I am very grateful to the Minister, the noble Earl, Lord Howe, for saying that he will review Clause 4. A viable alternative, which is not unusual in other regulated bodies, is to say that every institution regulated by that body should be compelled to accept its rules. This is a body within higher education, in the same sense that the REF, other funding decisions and many other decisions have now been imported into the world of universities. Most of us would probably have preferred that they remain more independent, but I have accepted the argument that this is very difficult to sustain, given some of the things that have happened.

In this case, what I am trying to achieve is that every institution providing higher education be registered with a body and consequently accept its rules. As the noble Lord, Lord Johnson of Marylebone, said earlier, it was intended that the Office for Students be constructed to be authoritative and to provide appropriate guidance. However, it is not then for a university, a student union or anybody else who brings a complaint through this mechanism to say that they will not abide by the decision taken by an officer—they could be named almost anything—in the Office for Students with the responsibility for adjudicating these matters.

I am keen that it should be a named office. A great deal of knowledge will be developed around the culture of dealing with these things in a way that probably would not happen with successive judges in courts. It will develop a knowledge and be able to respond in a knowledgeable way, and within the overall culture. The determination of this officeholder would be binding on those who had submitted the complaint.

I recognise that it is very seldom the case that people will say that this should be a completely untrammelled power. Therefore, I have also tried to build in a means by which the decision can be looked at—in a way, like an appeal.
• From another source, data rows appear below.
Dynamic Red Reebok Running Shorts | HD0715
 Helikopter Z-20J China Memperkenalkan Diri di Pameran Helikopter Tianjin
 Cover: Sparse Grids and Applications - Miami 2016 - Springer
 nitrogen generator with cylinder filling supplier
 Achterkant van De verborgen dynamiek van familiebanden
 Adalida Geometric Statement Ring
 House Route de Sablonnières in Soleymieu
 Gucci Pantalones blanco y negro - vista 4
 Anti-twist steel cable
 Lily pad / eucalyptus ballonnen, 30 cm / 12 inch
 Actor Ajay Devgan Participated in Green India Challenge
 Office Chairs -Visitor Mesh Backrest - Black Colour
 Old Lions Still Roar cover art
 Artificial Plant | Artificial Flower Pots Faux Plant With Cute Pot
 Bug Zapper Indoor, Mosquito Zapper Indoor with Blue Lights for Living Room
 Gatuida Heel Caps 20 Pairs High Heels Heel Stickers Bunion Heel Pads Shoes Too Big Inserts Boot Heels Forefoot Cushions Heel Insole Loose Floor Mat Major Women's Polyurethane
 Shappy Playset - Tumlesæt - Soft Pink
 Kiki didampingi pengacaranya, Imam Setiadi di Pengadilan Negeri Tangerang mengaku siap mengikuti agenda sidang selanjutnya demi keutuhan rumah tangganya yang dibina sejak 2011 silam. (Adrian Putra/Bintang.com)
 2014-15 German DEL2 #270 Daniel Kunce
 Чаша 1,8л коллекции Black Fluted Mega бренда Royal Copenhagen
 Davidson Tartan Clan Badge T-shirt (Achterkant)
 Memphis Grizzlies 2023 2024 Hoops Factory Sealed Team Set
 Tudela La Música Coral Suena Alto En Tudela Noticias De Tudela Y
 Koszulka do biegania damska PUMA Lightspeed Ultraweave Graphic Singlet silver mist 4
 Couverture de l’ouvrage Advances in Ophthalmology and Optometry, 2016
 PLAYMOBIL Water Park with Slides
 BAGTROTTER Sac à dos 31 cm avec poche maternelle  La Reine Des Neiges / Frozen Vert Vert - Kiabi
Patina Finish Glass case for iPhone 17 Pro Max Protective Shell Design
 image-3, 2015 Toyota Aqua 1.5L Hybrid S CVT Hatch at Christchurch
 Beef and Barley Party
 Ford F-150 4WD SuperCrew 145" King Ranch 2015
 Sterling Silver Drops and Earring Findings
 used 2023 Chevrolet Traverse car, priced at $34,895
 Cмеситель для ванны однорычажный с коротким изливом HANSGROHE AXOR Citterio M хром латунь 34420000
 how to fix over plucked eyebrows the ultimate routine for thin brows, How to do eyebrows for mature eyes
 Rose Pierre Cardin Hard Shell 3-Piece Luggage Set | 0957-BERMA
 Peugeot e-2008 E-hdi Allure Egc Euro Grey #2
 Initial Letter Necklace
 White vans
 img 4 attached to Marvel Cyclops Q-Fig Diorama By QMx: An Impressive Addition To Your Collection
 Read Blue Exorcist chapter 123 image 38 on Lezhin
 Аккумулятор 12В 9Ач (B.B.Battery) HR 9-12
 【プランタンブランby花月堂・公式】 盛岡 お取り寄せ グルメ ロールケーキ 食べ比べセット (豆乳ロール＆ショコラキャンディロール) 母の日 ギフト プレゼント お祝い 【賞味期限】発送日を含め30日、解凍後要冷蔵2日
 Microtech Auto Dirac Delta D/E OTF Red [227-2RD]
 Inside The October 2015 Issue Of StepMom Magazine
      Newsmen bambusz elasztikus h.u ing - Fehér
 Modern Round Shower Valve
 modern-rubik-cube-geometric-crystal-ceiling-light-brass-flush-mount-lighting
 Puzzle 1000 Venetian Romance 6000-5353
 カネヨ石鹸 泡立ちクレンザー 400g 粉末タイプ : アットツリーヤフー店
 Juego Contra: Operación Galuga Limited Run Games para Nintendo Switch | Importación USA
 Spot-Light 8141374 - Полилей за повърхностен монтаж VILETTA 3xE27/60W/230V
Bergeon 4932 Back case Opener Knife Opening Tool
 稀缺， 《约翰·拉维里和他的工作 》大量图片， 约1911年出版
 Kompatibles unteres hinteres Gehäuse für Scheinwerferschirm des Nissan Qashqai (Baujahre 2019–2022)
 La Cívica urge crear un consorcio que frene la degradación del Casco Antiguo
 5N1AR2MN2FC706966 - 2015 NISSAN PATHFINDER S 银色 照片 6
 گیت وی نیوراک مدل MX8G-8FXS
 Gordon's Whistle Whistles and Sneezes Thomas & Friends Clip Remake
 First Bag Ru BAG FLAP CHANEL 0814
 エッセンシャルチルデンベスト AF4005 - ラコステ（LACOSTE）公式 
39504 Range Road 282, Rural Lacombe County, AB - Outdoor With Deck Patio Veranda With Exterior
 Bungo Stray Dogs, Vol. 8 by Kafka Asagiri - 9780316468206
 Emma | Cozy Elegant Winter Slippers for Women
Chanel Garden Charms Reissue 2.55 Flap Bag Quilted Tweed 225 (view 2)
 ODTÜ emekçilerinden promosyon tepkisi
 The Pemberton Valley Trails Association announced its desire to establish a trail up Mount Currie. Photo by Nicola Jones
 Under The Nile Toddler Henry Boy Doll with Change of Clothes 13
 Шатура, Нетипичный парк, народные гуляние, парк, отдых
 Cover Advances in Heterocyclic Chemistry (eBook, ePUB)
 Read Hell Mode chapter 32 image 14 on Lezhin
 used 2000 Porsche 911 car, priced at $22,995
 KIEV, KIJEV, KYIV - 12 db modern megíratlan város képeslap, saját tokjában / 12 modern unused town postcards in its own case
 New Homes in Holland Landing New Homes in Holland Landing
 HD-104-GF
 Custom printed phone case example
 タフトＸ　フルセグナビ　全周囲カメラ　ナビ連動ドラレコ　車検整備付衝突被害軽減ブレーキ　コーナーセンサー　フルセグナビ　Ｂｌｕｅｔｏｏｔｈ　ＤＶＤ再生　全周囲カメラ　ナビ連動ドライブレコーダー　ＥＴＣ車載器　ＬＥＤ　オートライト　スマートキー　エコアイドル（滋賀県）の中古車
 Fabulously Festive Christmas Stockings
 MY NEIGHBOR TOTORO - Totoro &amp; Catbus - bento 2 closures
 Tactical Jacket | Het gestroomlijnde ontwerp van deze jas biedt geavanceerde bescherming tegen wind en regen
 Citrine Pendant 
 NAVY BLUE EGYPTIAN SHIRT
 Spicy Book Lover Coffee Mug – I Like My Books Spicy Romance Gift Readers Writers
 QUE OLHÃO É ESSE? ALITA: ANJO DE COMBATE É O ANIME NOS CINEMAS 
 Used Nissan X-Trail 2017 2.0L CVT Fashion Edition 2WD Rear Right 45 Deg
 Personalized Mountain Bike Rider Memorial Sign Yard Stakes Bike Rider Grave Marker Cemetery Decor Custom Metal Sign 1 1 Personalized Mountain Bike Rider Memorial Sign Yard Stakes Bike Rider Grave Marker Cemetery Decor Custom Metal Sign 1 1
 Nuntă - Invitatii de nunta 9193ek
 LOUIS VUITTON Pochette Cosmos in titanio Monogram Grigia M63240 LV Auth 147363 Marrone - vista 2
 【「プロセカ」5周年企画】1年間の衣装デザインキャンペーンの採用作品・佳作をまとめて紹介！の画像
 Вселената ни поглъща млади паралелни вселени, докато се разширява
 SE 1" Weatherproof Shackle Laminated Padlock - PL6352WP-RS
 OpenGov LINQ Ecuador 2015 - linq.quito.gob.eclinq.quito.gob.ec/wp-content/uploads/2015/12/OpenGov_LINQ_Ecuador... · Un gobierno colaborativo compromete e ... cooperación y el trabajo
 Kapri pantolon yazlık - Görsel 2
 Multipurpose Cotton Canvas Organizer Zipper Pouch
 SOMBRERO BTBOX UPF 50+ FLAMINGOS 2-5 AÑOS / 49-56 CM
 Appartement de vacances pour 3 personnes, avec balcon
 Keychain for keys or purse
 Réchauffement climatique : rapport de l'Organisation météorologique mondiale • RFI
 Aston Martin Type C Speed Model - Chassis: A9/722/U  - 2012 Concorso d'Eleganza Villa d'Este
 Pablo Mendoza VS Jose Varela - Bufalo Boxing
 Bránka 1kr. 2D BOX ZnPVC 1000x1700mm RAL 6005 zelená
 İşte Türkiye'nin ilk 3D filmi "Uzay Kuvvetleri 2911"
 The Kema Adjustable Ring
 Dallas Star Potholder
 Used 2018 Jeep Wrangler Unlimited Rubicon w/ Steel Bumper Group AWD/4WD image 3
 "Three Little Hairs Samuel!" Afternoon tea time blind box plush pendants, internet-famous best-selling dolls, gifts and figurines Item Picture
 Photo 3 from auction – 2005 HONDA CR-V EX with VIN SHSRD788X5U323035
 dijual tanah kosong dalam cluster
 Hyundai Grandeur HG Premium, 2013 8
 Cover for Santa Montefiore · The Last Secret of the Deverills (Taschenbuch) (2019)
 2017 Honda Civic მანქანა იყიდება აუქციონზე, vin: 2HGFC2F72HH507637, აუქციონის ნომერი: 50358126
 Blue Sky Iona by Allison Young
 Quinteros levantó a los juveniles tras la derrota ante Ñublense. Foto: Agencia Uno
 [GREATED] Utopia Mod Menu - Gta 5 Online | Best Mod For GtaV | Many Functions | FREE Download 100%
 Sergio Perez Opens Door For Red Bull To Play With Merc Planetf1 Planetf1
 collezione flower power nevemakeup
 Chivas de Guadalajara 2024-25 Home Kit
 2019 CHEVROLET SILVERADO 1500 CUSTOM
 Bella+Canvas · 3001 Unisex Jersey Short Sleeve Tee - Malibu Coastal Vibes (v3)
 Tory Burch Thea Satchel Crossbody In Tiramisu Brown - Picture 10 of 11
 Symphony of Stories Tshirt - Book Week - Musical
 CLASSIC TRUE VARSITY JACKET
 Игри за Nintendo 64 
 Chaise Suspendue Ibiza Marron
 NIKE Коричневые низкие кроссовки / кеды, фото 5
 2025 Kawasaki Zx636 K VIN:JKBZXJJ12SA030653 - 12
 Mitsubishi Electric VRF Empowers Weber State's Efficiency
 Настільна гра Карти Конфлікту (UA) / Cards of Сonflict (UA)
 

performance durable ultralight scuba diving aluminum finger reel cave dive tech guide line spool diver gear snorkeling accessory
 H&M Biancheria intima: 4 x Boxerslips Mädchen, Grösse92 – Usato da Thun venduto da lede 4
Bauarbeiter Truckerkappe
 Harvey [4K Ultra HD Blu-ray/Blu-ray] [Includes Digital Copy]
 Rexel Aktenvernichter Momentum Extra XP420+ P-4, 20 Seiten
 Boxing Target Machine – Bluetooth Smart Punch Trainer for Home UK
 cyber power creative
But in either case, whether accepted at first hearing or having gone through a second hearing, it is the decision and the parties must abide by it. I recognise that this makes no allowance for financial penalties, and I have not written anything of that kind into the amendment. However, it might very well make decisions about how a university, individuals within it or people invited to take part in its affairs should conduct themselves and, if necessary, reinstate a debate which has been cancelled. There is a whole variety of things that it could do.

I want to create something of that kind because it will be authoritative, it will address a number of questions that the Bill is obviously intended to address, and it will be from within the culture of higher education, rather than imposed on it from somewhere else, which is never a good recipe in higher education. It is miles better if it is felt to be at least in some significant way part of the beast of higher education. There may be many better ways of formulating this, but that is the amendment’s aim. It does exactly what a number of noble Lords have said, which is to reinforce the regulatory system by making its determinations mandatory for all those who have joined the club of that regulatory system. No doubt it would in due course provide guidance. That would probably be very useful after the first cases have been heard and people have begun to ponder their import and what has been learned from them. It would probably provide good guidance. That is a structure which the best regulators achieve.

The old mechanism in the Cabinet Office to look at the validity of regulation specified a number of things. I will not go through them all, but it specified that the outcomes should be proportionate, intelligible, widely disseminated and understood more widely. We should expect all that as part of the outcome from proper regulation. Better regulation makes people feel they can live with a solution, rather than being ordered to do it in a court or some other place.

This amendment hangs together with the deliberations on Clause 4. I am ready to accept that it will need radical reworking. Helpful as the House of Lords officials have been in my trying to get there, I can see that somebody, including me, could pull bits of it to pieces.